→ **Recorded data**:
--- START ---
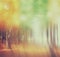 Blurred abstract photo of light burst among trees.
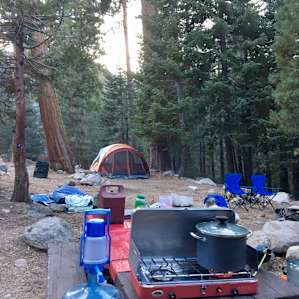 Site 9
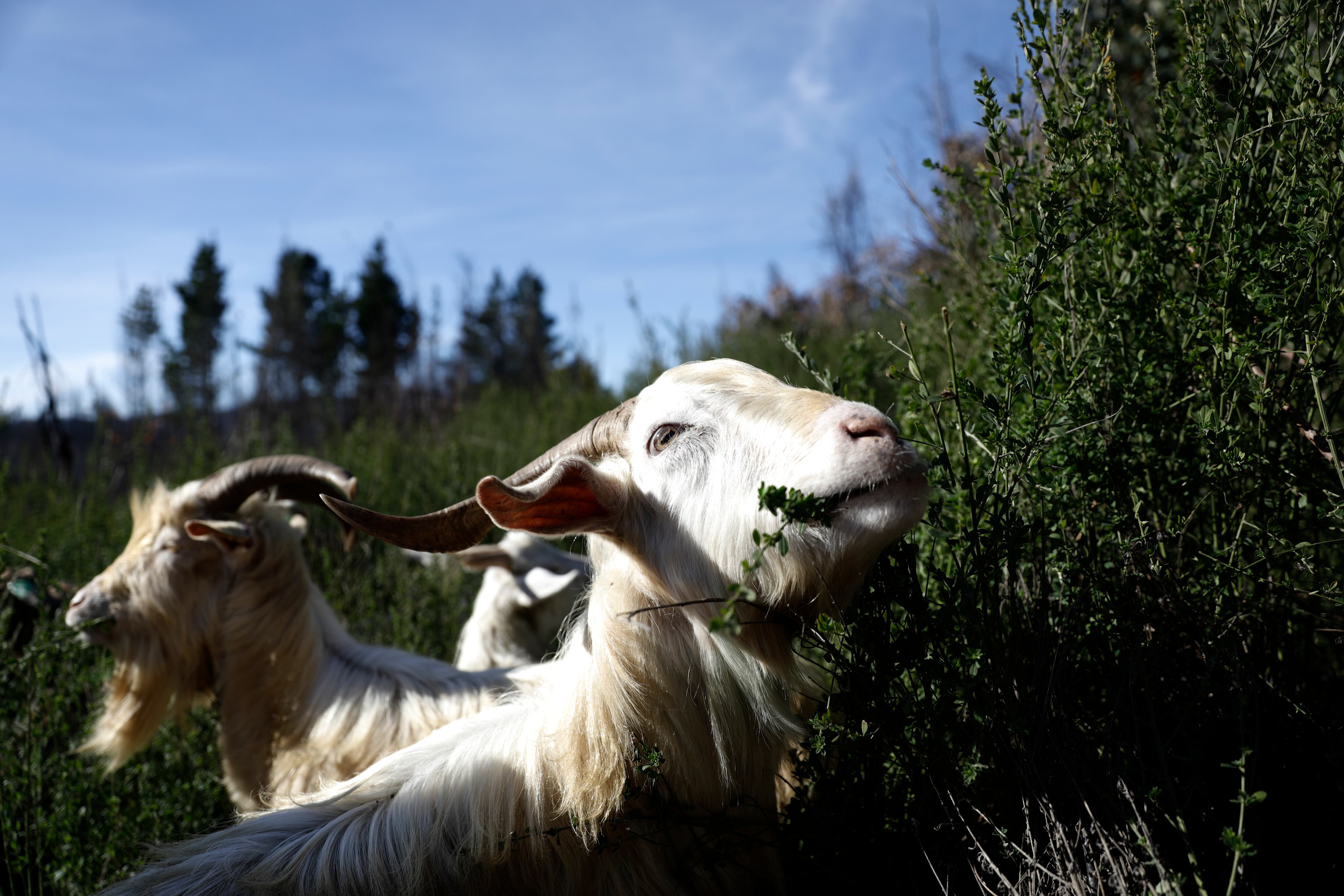 Un grupo de cabras se alimentan cerca de Concepción, Chile, 16 de julio de 2025.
--- END ---
→ **What you have to do**:
Omit the pictures, and quote the material above exactly as given.

→ **Task answer**:
 Blurred abstract photo of light burst among trees.
 Site 9
 Un grupo de cabras se alimentan cerca de Concepción, Chile, 16 de julio de 2025.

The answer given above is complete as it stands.